Start of Input for this task

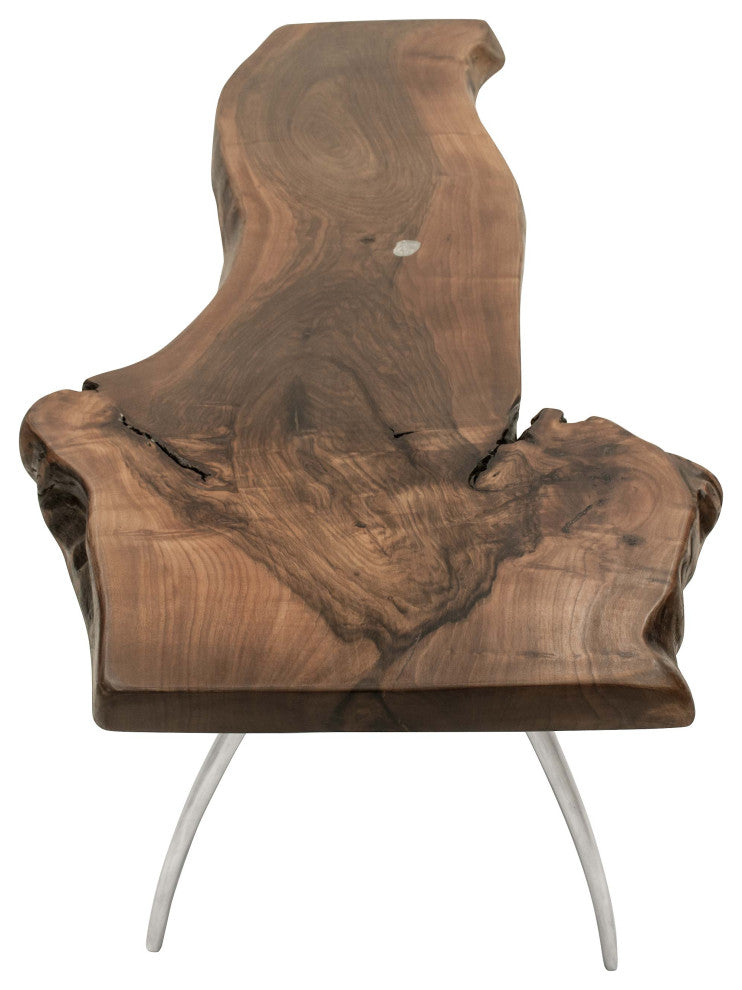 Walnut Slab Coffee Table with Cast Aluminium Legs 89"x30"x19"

End of Input for this task
Start of Input for this task

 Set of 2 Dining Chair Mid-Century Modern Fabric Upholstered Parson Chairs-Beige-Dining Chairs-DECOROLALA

End of Input for this task
Start of Input for this task

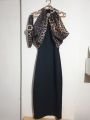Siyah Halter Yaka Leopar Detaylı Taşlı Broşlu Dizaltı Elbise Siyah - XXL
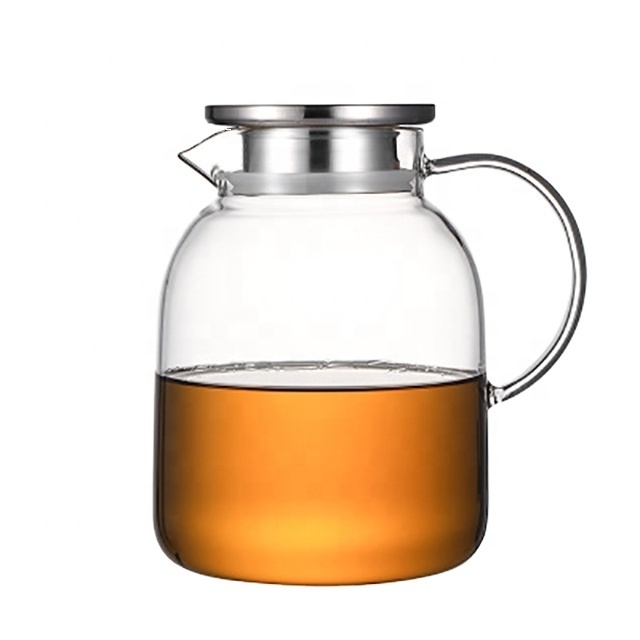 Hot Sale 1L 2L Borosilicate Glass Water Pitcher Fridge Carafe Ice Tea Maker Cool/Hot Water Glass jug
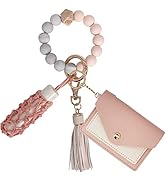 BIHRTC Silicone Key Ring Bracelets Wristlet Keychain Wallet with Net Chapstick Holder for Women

End of Input for this task

**Task item**
Work from the entries above. Set down exactly and only the lines from the line with "Siyah Halter Yaka" to the line with "BIHRTC Silicone Key", both included, and leave the pictures out.

**Finished exercise**
Siyah Halter Yaka Leopar Detaylı Taşlı Broşlu Dizaltı Elbise Siyah - XXL
 Hot Sale 1L 2L Borosilicate Glass Water Pitcher Fridge Carafe Ice Tea Maker Cool/Hot Water Glass jug
 BIHRTC Silicone Key Ring Bracelets Wristlet Keychain Wallet with Net Chapstick Holder for Women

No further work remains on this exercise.